Deuxièmement, l’élection présidentielle américaine, et son résultat, nous rappellent, ou nous enseignent, que ce que nous dénommons « démocratie » est, en l’état, un concept labile, malléable, voire soluble. Ainsi, quand de nombreuses femmes américaines ont mobilisé l’outil démocratique pour défendre leur droit à l’avortement, dans le contexte de la remise en cause de la jurisprudence Roe versus Wade, les trumpistes, de leur côté, en eurent une tout autre compréhension. La démocratie, la liberté, consistait pour eux à pouvoir continuer de déployer sa puissance – virile, économique, militaire, culturelle, etc. – au détriment des « autres » – migrants, minorités de race ou de genre, femmes, ensemble du vivant, reste du monde, etc. – sans être « emmerdé » – par les juges, journalistes, « marxistes », etc. Deux usages irréconciliables d’un même terme, donc, jusqu’à la perte de sens et de valeur.

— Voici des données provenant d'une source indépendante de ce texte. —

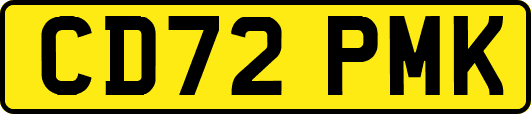 CD72PMK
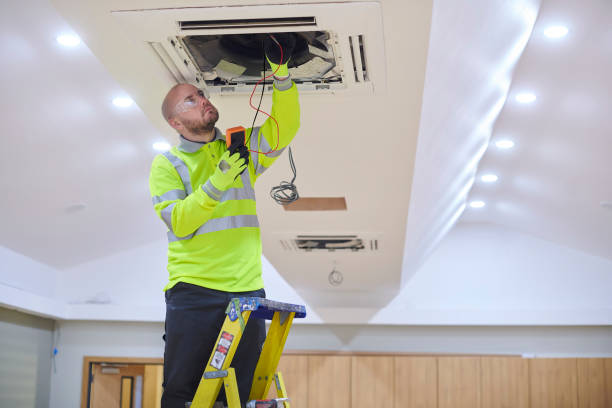 Best HVAC air duct cleaning  in Pine Nyon, CA
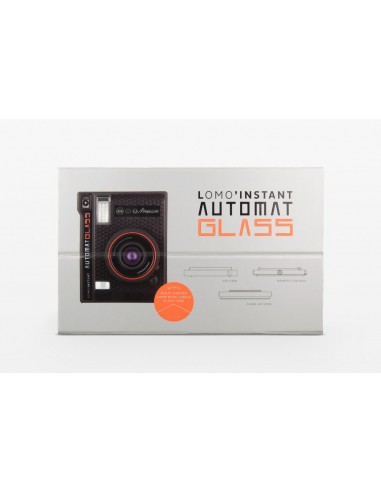 Lomography Lomo’Instant Automat Glass...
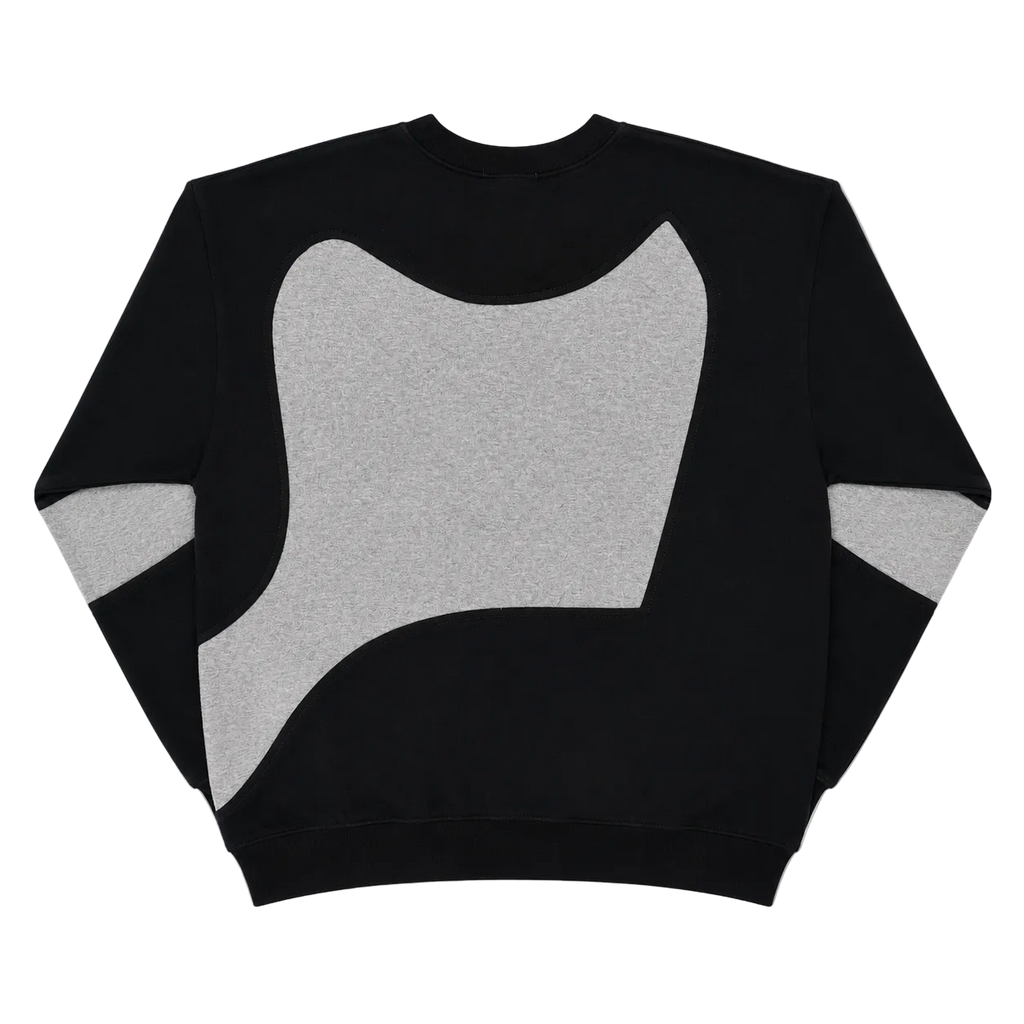 RALPH LAUREN REWORKED SWEATER (XL)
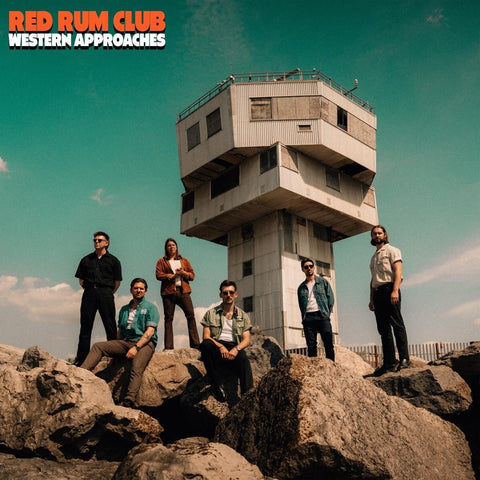 RED RUM CLUB - WESTERN APPROACHES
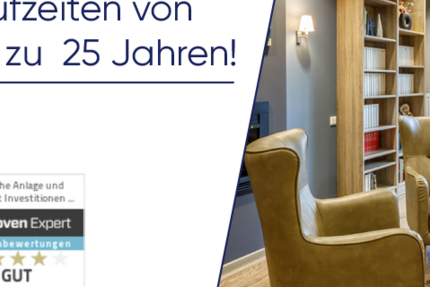 Wohnung Offenbach Hafen - 1 Zimmer, 44 m&sup2;, 215.600&euro; | Angebot:24222774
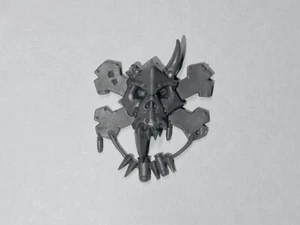 Warhammer 40k Ork Flash Gitz Large Icon - Bild 1 von 2
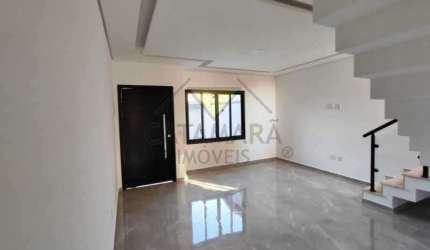 Casa com 3 quartos à venda no Mogi Moderno, Mogi das Cruzes , 107 m2 por R$ 620.000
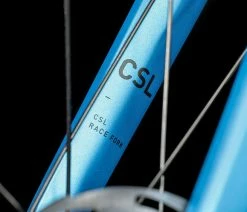 Cube Attain Race Blue´n´spectral -Vélo Boutique de vente Attain Race blue n spectral 676310 5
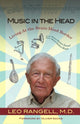 Book cover of: Music in the Head. By: Leo Rangell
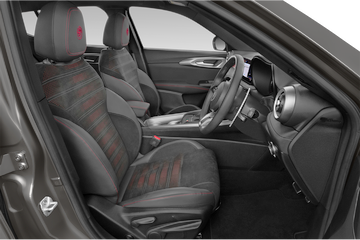 frontseat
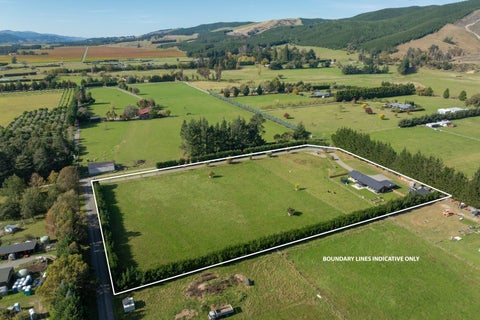 46 Cooper Street, Blenheim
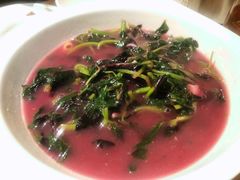 红苋菜-时间仓(月湖公园店)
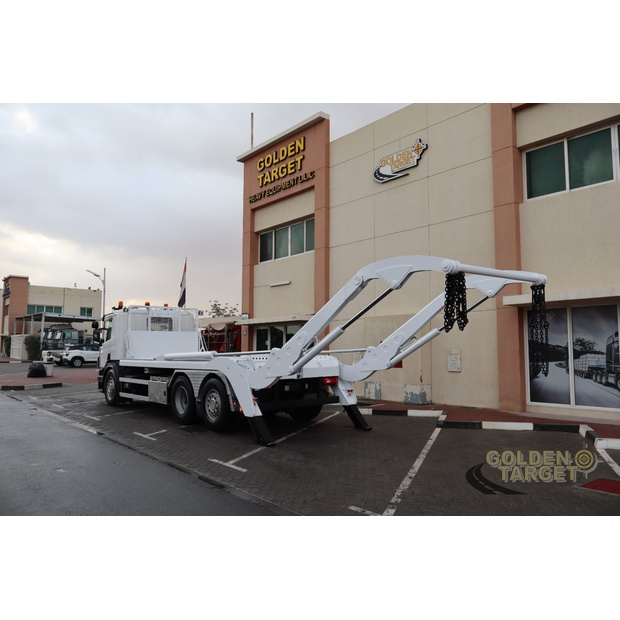 2014 Scania P370-45117856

Ceci ne nous interroge pas « simplement » parce que l’ensemble de la vieille Europe, dans le sillage du mouvement MAGA, est en train de virer au brun, ou au bleu-brun. D’une manière plus fondamentale, ces deux faits – le premièrement, le deuxièmement – forment ensemble une invitation pressante à dire ce qu’est la démocratie, à peine de ne pas être capable de la reconnaître, ni par conséquent de la rattraper, au moment où elle menace d’échapper au milliard de Nord-Américains et d’Européens qui s’enorgueillissent de l’avoir inventée, ou réinventée, dans la seconde moitié du XVIIIe siècle.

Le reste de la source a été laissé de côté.